Re: [newbie] Unable to setup hadoop cluster on ec2

Posted by Madhu Ramanna <ma...@buysight.com>.
So, launching the cluster with non-root user was successful. Namenode UI url was printed to the logs.

However, namenode was shutdown

No directory, logging in with HOME=/
No directory, logging in with HOME=/
No directory, logging in with HOME=/
No directory, logging in with HOME=/
, error=************************************************************/
12/01/11 01:20:52 INFO namenode.FSNamesystem: fsOwner=hadoop,hadoop
12/01/11 01:20:52 INFO namenode.FSNamesystem: supergroup=supergroup
12/01/11 01:20:52 INFO namenode.FSNamesystem: isPermissionEnabled=true
12/01/11 01:20:52 INFO common.Storage: Image file of size 96 saved in 0 seconds.
12/01/11 01:20:52 INFO common.Storage: Storage directory /data/hadoop/hdfs/name has been successfully formatted.
12/01/11 01:20:52 INFO namenode.NameNode: SHUTDOWN_MSG:
/************************************************************
SHUTDOWN_MSG: Shutting down NameNode at ip-10-8-39-133.ec2.internal/10.8.39.133
************************************************************/
, exitCode=0]


Not able to access the UI from browser.

Any ideas ?

I want to setup a long running hadoop cluster that is never down.
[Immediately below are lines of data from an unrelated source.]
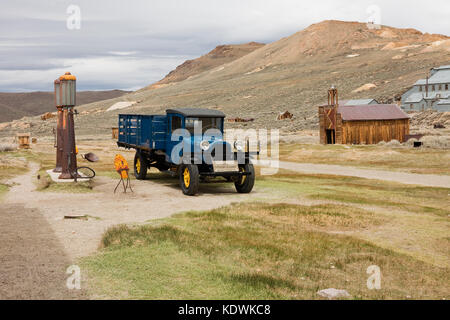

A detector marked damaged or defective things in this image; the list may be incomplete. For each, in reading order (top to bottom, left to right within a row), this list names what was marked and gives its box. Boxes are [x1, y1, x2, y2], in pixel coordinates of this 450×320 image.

rusty gas pump [53, 71, 77, 179]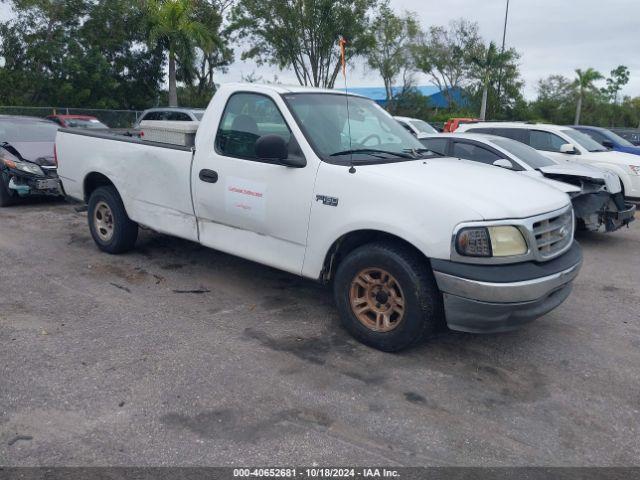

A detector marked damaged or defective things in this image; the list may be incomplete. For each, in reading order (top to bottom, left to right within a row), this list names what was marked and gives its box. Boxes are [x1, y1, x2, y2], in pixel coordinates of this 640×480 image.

damaged white car [420, 133, 636, 232]
damaged front bumper [572, 191, 632, 232]
rusty wheel [350, 266, 404, 334]
damaged front bumper [432, 244, 584, 334]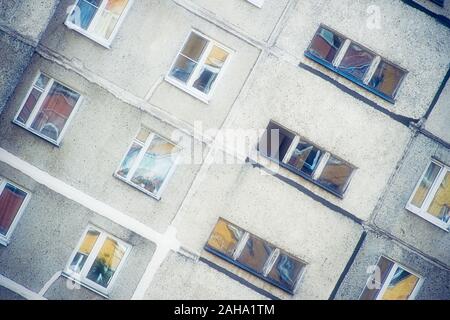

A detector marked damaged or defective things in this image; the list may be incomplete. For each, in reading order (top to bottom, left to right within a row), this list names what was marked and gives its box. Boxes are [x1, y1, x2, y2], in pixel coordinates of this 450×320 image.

cracked concrete wall [0, 162, 156, 300]
cracked concrete wall [0, 55, 207, 232]
cracked concrete wall [42, 0, 262, 131]
cracked concrete wall [144, 252, 268, 300]
cracked concrete wall [171, 150, 362, 300]
cracked concrete wall [274, 0, 450, 120]
cracked concrete wall [334, 230, 450, 300]
cracked concrete wall [370, 134, 450, 266]
cracked concrete wall [426, 80, 450, 144]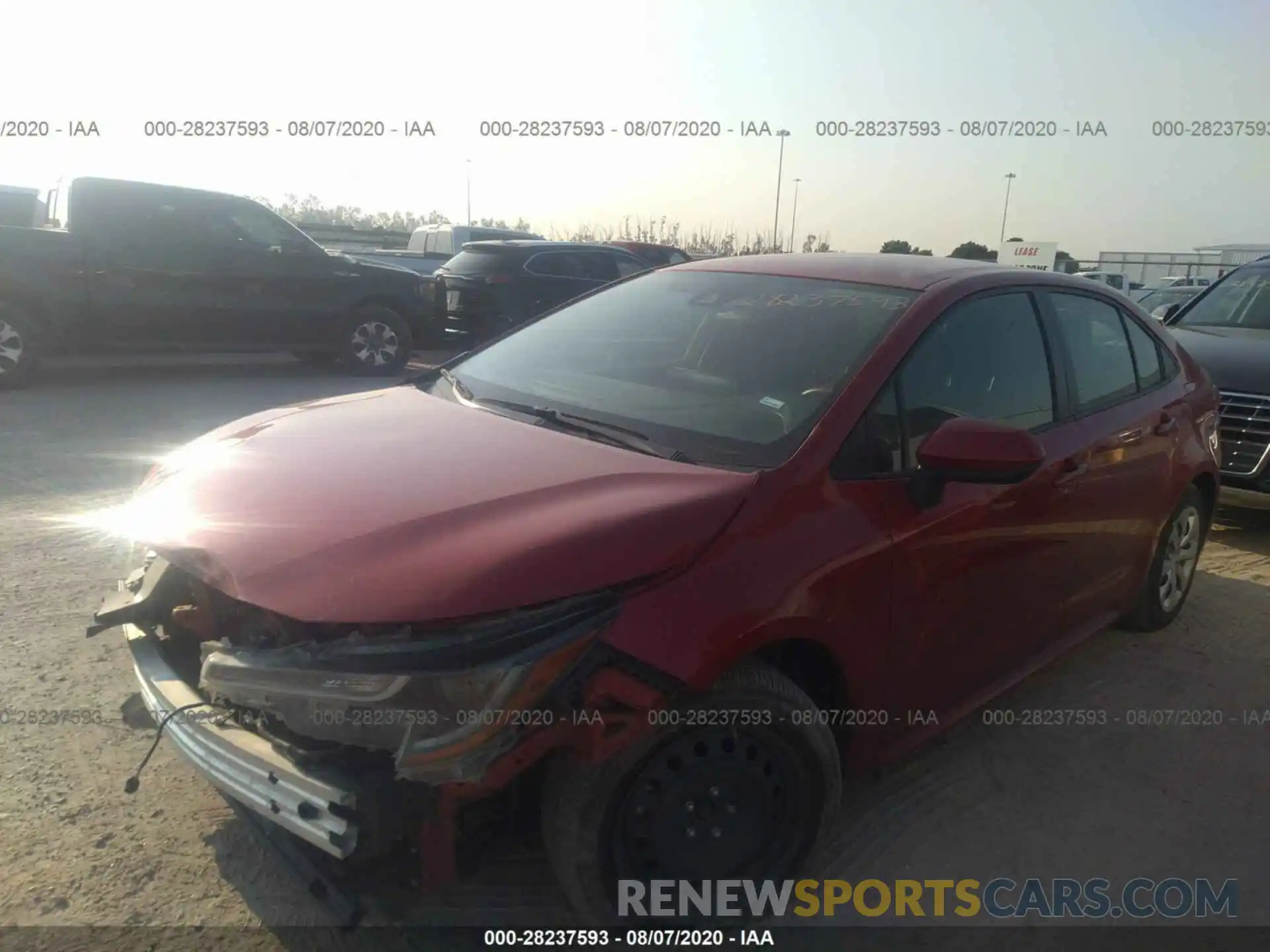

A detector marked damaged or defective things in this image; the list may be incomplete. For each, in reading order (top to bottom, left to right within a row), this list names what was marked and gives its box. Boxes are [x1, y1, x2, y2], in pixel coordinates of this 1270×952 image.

crumpled hood [1163, 322, 1270, 393]
crumpled hood [120, 388, 751, 627]
missing front bumper [123, 621, 358, 863]
detached bumper reinforcement bar [124, 621, 360, 863]
damaged front end of car [89, 551, 675, 889]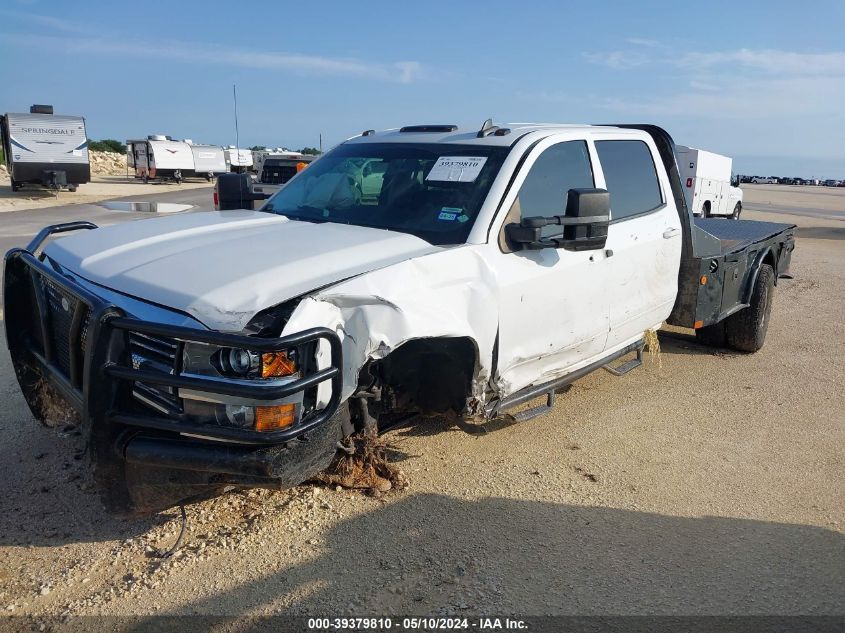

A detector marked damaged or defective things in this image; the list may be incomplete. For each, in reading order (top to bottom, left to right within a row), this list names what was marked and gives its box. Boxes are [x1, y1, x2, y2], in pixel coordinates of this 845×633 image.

crumpled hood [44, 212, 442, 330]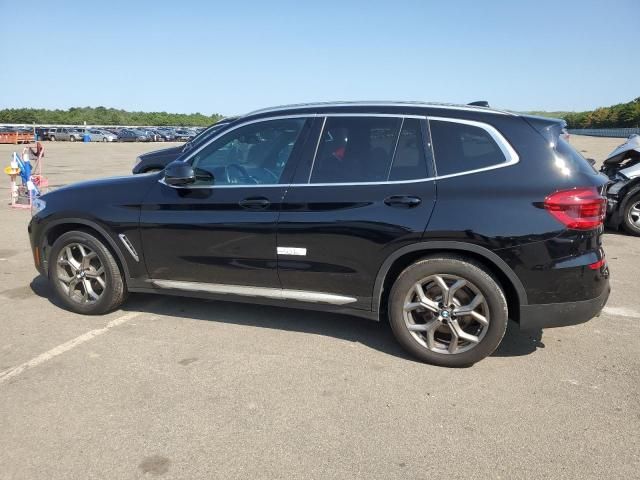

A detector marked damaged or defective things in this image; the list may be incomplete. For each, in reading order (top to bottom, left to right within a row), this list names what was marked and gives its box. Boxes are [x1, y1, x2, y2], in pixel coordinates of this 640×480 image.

What is the recommended whirr setup for this configuration ?

Thanks,
Madhu



From: Madhu Ramanna <ma...@buysight.com>>
Date: Tue, 10 Jan 2012 15:19:27 -0800
To: Alex Heneveld <Al...@CloudsoftCorp.com>>, Madhu Ramanna <ma...@buysight.com>>
Cc: "user@whirr.apache.org<ma...@whirr.apache.org>" <us...@whirr.apache.org>>
Subject: Re: [newbie] Unable to setup hadoop cluster on ec2

Will give it a shot then

Thanks,
Madhu

From: Alex Heneveld <Al...@CloudsoftCorp.com>>
Date: Tue, 10 Jan 2012 15:15:37 -0800
To: Madhu Ramanna <ma...@buysight.com>>
Cc: "user@whirr.apache.org<ma...@whirr.apache.org>" <us...@whirr.apache.org>>
Subject: Re: [newbie] Unable to setup hadoop cluster on ec2


Hi Madhu,

Looks like you might be running as root -- there are known issues with this.  Does it work if you are a different user?

Best,
Alex



On 10/01/2012 23:10, Madhu Ramanna wrote:
Here you go:

whirr.cluster-name=test_bs_hadoop_cluster
whirr.instance-templates=1 hadoop-jobtracker+hadoop-namenode,1 hadoop-datanode+hadoop-tasktracker
whirr.provider=aws-ec2
whirr.identity=${env:AWS_ACCESS_KEY_ID}
whirr.credential=${env:AWS_SECRET_ACCESS_KEY}
whirr.private-key-file=/root/.ssh/id_rsa_whirr
whirr.public-key-file=/root/.ssh/id_rsa_whirr.pub
whirr.cluster-user=tuser

Thanks,
Madhu

From: Andrei Savu <sa...@gmail.com>>
Reply-To: "user@whirr.apache.org<ma...@whirr.apache.org>" <us...@whirr.apache.org>>
Date: Tue, 10 Jan 2012 14:59:17 -0800
To: "user@whirr.apache.org<ma...@whirr.apache.org>" <us...@whirr.apache.org>>
Subject: Re: [newbie] Unable to setup hadoop cluster on ec2

Can you share the .properties file you are using? I want to give it a try on my machine.

Thanks,

-- Andrei Savu / andreisavu.ro<http://andreisavu.ro>

On Wed, Jan 11, 2012 at 12:55 AM, Madhu Ramanna <ma...@buysight.com>> wrote:
Hello everyone,

I wanted to setup a hadoop cluster on ec2 and downloaded 0.7.0 version.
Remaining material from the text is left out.